Spotting a Lemon Just Got Easier
Norman Taylor & Associates
February 18, 2010
As history shows us, neither a manufacturer nor a dealer will go out of its way to announce a vehicle defect to the world. As witness, the first in the recent series of Toyota recalls was for unexpected acceleration—but several unpublicized settlements had already occurred with complaining consumers before the general public ever heard of the problem. And the problem was only made public after the National Highway and Traffic Safety Administration (NHTSA) had launched an investigation.
The lemon problem can, of course, be worse for purchasers of used cars. The dealer, in this case, is not the original dealer of the vehicle and the vehicle’s history can be somewhat obscured. Up until recently, in California the only way to check a vehicle’s history was through a service called Carfax, for a fee of $30. Now, however, a new service is being provided by the California Department of Motor Vehicles, and for $4.00 or less a consumer can find out if the vehicle he or she is considering for purchase could be a lemon.
The report contains information from a database compiled from junkyards, mechanics, insurance companies and other sources.

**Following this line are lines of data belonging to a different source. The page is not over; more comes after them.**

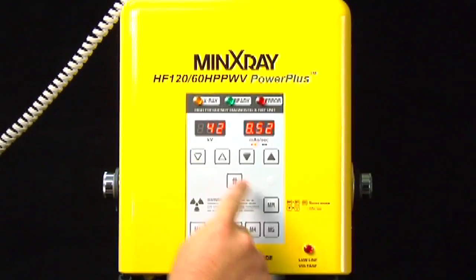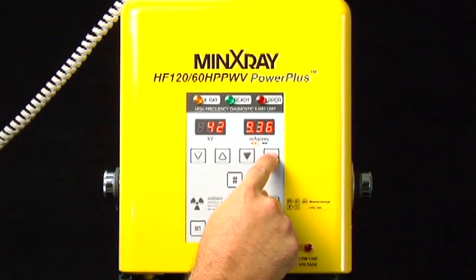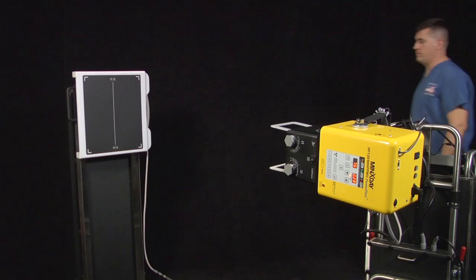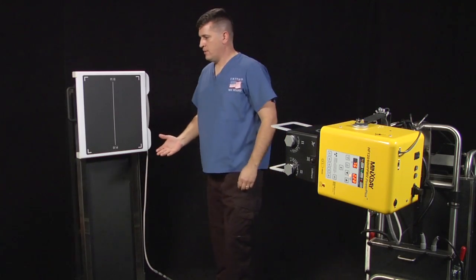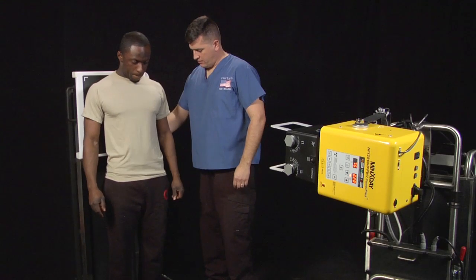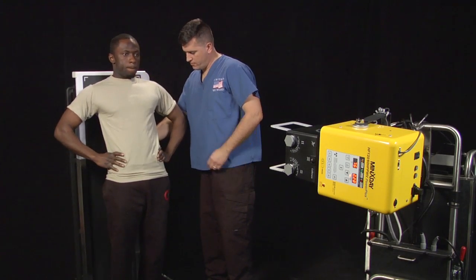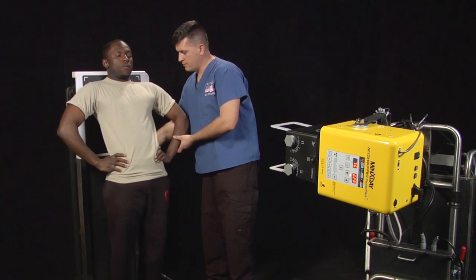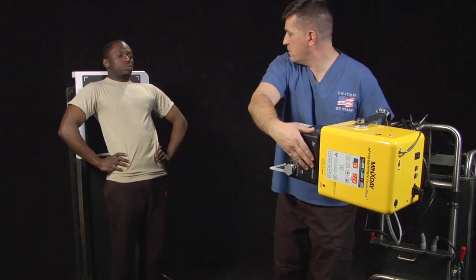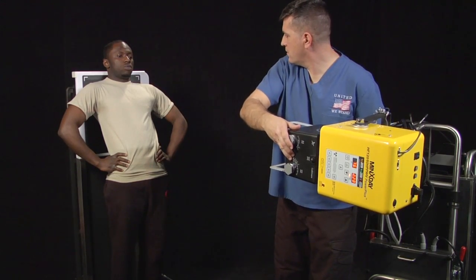Set KVP and MAS on the front of the X-Ray tube head according to the techniques on the technique chart provided. Position the patient one foot in front of the upright cassette holder with back towards the holder. With hands on their hips, rotate elbows and shoulders forward. Have the patient lean back until the upper shoulders make contact with the cassette holder.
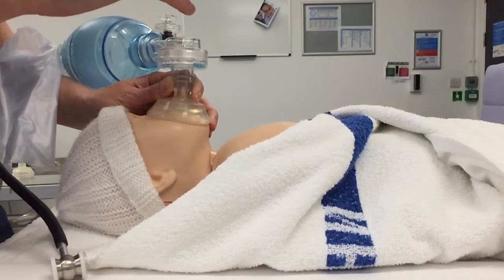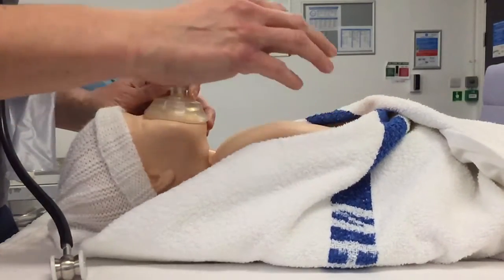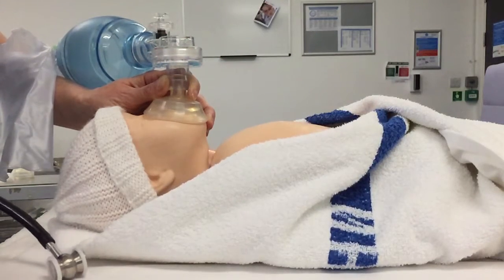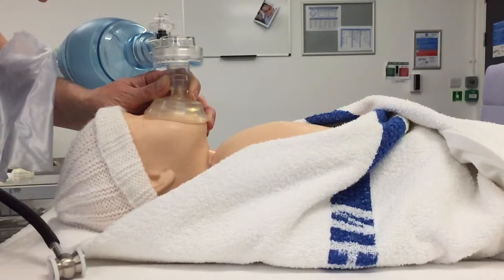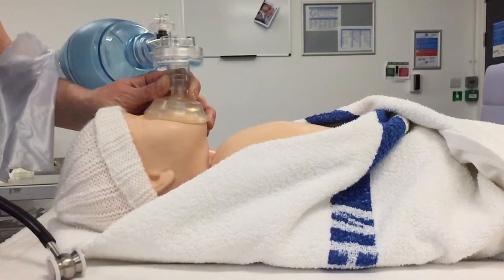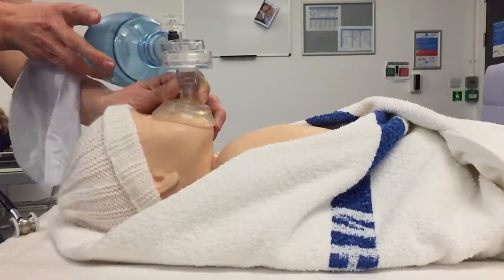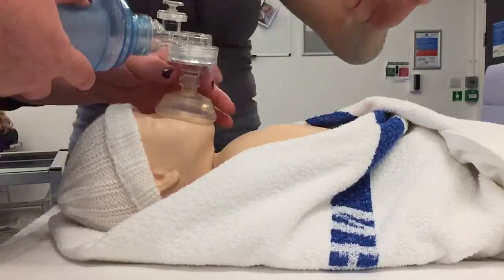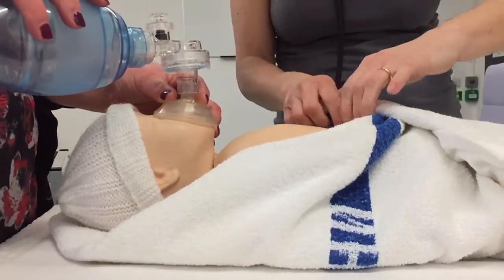So I have seen chest rise on this baby, so I know I've got air into the lungs, but the baby's heart rate is slow. So I need to do chest compressions on the baby. I could do 30 seconds of ventilation breaths if I wanted to, but I'm going to move straight onto chest compressions. I would need an assistant to do this normally — so I can be your helper. Can you take the airway for me? I'm going to do three compressions to one ventilation breath, which is just a short breath.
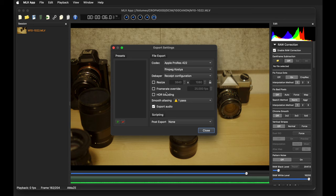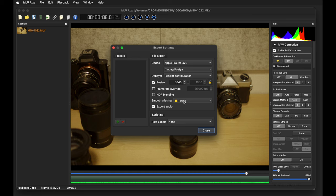The most important setting is smooth aliasing — make sure to check that. One-pass has worked perfectly fine for me, though in some scenarios it may create artifacts; keep an eye on that and try another aliasing setting if needed. One-pass does 90% of the job perfectly fine. And of course, make sure to export the audio. That's it for the settings in the MLB app.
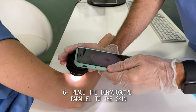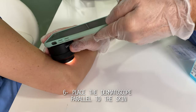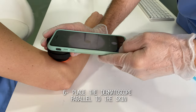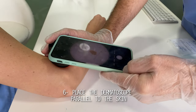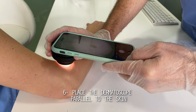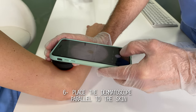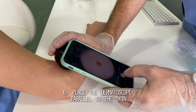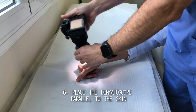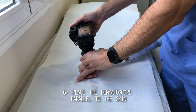One of the most important issues when it comes to getting the best picture is the positioning of the dermatoscope on top of the skin. The faceplate of the magnifying glass should rest completely flat and parallel to the surface of the skin where the lesion is located. In other words, the line drawn from the viewfinder to the faceplate must be at 90 degrees to the surface of the skin.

“Probably the most common problem that occurs when someone buys a used car is that the vehicle’s history can remain undisclosed,” said Norman Taylor, leading California lemon law attorney. “It is very important that consumers protect themselves by knowing all about used cars before they purchase them.”

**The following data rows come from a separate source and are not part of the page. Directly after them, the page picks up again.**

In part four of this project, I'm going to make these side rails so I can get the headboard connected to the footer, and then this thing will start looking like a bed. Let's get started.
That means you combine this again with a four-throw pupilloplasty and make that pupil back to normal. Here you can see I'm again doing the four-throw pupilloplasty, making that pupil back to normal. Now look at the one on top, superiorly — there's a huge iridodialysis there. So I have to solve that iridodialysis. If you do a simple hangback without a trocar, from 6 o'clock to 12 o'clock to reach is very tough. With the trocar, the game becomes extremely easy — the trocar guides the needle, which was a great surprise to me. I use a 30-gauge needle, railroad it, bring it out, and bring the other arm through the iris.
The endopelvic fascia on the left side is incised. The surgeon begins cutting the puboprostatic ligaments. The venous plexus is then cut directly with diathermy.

Taylor has seen and heard many stories of defective vehicles. He has been a California lemon law specialist since 1987, and he and his firm, Norman Taylor and Associates, have handled over 8,000 cases for consumers with a 98 percent success rate.

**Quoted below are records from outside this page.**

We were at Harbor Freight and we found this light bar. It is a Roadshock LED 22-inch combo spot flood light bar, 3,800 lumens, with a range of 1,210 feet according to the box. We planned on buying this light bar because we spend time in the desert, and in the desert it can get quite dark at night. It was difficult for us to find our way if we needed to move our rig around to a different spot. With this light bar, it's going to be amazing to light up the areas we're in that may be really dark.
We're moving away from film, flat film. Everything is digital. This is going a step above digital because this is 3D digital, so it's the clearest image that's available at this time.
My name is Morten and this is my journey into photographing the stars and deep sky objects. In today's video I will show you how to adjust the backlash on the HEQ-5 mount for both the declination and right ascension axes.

An example of a used car “cover up” would be that of a woman purchasing a fairly new vehicle from a used car dealership. The dealership fails to disclose that the car was, for some time, a rental vehicle—something that will add above-normal wear and tear. The car has a serious engine defect, and the owner brings it back for repair. Of course, the dealer doesn’t want to take full responsibility for the vehicle, so when the woman brings it back numerous times for repair under warranty, the actual problem never gets addressed.
“Anyone in the position of going through numerous repair attempts—with a used or even a new car—for a defect that just doesn’t seem to get addressed, should contact an attorney specializing in lemon law,” Taylor said.
Fortunately, the California DMV has now added another weapon to the arsenal against lemons for consumers.